To satisfy the needs of adult guests, we’ll often bring table activities. These are small games and puzzles that can be brought to family events and reunions. “They encourage folks to sit around and schmooze for a few hours,” says Rafi. “You’ll see people wandering from table to table, picking up puzzles and saying, ‘here check this out.’”
“Another offering is our workshops,” Rafi says. These are special activities held by a specialist within an event that teach a special skill or craft. “They started by us asking ‘what can we offer that’s physical, you know, that will get people off their feet. The first one was a juggling workshop that I put together. Since then we’ve done a few others such as tight rope walking and origami. We try to choose activities that require mental focus. Origami, for example, combines a craft and a puzzle and requires fine motor skills. So everyone leaves the workshop having learned something and had fun.”
Some Eureka staff members come from casino backgrounds, and from time to time we’ve brought blackjack and roulette to events. We’ve also provided custom jigsaws that all the guests work on to complete. At the end of the party the puzzle is mounted and everyone signs it.
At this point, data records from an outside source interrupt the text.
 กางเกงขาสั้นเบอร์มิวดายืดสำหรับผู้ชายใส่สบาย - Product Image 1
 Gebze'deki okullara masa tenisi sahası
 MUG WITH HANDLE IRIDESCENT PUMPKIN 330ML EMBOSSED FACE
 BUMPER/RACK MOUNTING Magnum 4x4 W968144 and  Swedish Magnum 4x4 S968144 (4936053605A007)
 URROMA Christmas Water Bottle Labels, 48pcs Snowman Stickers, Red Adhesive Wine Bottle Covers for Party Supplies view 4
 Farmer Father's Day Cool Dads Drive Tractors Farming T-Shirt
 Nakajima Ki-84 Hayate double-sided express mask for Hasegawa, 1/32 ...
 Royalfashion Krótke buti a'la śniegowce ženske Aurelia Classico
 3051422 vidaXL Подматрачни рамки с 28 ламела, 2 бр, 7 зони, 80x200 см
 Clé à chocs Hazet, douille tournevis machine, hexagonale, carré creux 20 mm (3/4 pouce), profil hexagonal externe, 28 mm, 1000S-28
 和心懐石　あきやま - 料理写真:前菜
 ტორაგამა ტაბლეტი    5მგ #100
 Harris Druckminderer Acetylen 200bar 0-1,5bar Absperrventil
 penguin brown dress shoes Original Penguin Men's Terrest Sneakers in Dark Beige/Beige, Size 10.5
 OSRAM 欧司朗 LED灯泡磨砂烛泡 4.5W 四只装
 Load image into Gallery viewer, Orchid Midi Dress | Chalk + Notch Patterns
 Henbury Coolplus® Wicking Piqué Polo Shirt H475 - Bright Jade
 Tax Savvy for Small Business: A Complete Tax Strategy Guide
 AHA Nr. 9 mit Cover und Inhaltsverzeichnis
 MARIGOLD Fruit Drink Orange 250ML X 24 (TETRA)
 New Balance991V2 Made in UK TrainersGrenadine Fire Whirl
“I’ve really branched out in my role as an event planner,” Rafi says. “I’ll coordinate the flow of the event as a whole, design floor plans, and emcee the event myself. Our goal is not to create one-big attention-demanding splash but guide the whole event in a relaxed way and keep the attention on those we’re celebrating.”
I ask him what his goals are for 2015. He tells me at the moment he’s working on a portable mini golf course that he can bring to events. We may set it up for a demo in the alley next to Eureka now that the weather’s getting warmer. Every event requires unique planning to allow for specific restraints and requests. Our abilities are constantly expanding as we take on new staff members.
Since I started working, it seems like we’re taking on more contracts than ever, and with bar mitzvah season approaching, Rafi will have his hands full. But he doesn’t seem worried. He’s excited by the prospect. It means word is getting out about On the Spot. And if his hands get too full, he’s pretty good at juggling.